Os estudantes disseram que as ferramentas gratuitas para o mercado de massa não ofereciam o mesmo suporte que o software especializado. Fotografia: Sérgio Azenha/Alamy

Sam Wood, 19 anos, estudante de criminologia do segundo ano e oficial de estudantes com deficiência na Edge Hill University, Lancashire, disse que viver com uma deficiência visual grave significava que ele já enfrentava barreiras significativas ao aprendizado. “A tecnologia especializada financiada pela DSA é o que nivela o campo de atuação para mim”, disse ele.

“Devido à minha condição, a leitura leva muito mais tempo. Ferramentas como o Scholarcy são vitais porque resumem longos artigos de periódicos em pontos-chave, evitando que eu perca horas com literatura irrelevante. Em seguida, uso o MindView para dividir essas informações em partes visuais gerenciáveis ​​que posso consultar facilmente ao escrever.

“Forçar-nos a alternativas gratuitas e desajeitadas acrescenta uma camada desnecessária de stress e estigma académico, ao mesmo tempo que cria um enorme ónus de prova para os estudantes se qualificarem para ‘circunstâncias excepcionais’.”

Helena Mok, 22 anos, está no último ano estudando neurociência com ciência de dados na Universidade Keele. Ela tem fibromialgia e transtorno de déficit de atenção e hiperatividade (TDAH) e usa ferramentas como Genio, Grammarly, Read&Write e Tailo para apoiar seus estudos.

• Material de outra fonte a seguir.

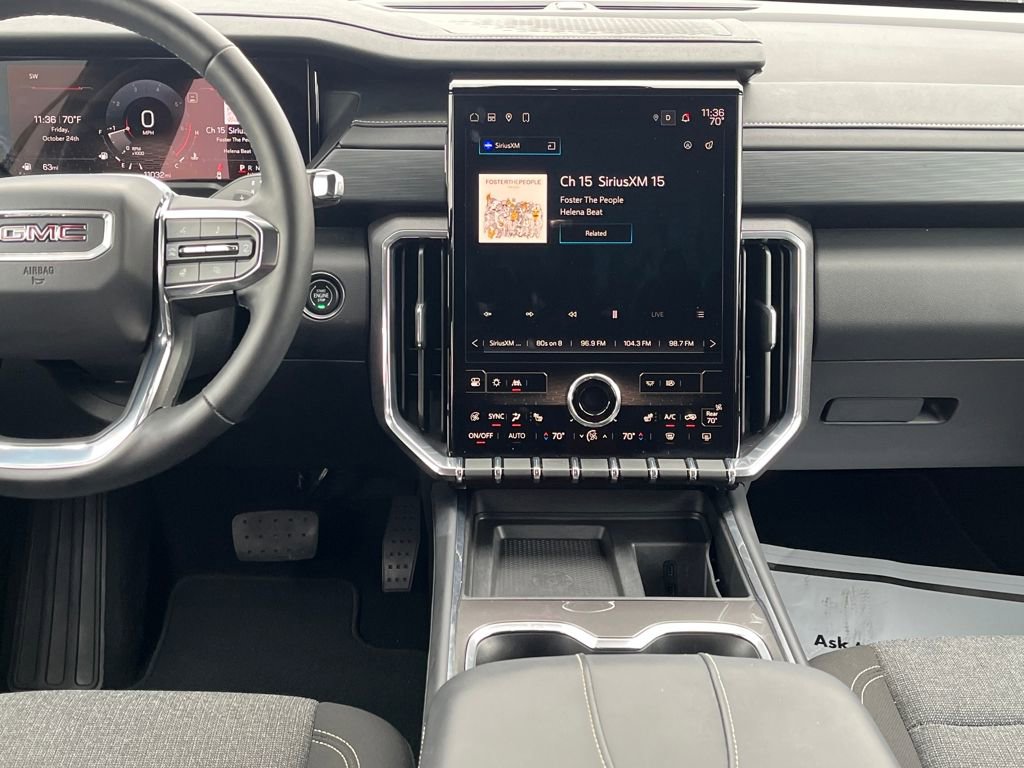 Used 2025 GMC Acadia Elevation image 22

“A proposta do governo de eliminar software especializado e substituí-lo por ferramentas genéricas de IA para o mercado de massa, como ChatGPT ou Copilot, julga completamente mal a forma como os alunos com deficiência aprendem”, disse ela.

“Embora ferramentas especializadas como o Tailo usem IA personalizada para fornecer explicações educacionais curtas e relevantes, fazer uma pergunta científica a um chatbot genérico apenas resulta em uma parede de texto prolixa e imprecisa.”

Chris Purcell, cofundador da CareScribe, uma empresa de tecnologia assistiva, disse: “Substituir a tecnologia assistiva especializada por alternativas gratuitas não testadas é um abandono.

“Isso elimina os ajustes que tornam o estudo possível e expõe os estudantes com deficiência a um fracasso totalmente evitável. Os ministros deveriam suspender estas propostas, publicar uma avaliação de impacto completa e proteger os subsídios dos estudantes com deficiência para que o talento não se perca à porta da universidade.”

Uma consulta governamental sobre as alterações propostas ao DSA termina em 18 de junho.

O porta-voz do DfE disse: “À medida que a tecnologia avança, muitas das funcionalidades das ferramentas DSA que atualmente financiam estão agora disponíveis gratuitamente e já são amplamente utilizadas por estudantes universitários.

“Queremos modernizar o sistema para refletir isso, garantindo ao mesmo tempo que todos os alunos continuem a receber mais ajuda especializada, caso necessitem. Ninguém ficará sem o apoio de que necessita para estudar com confiança.”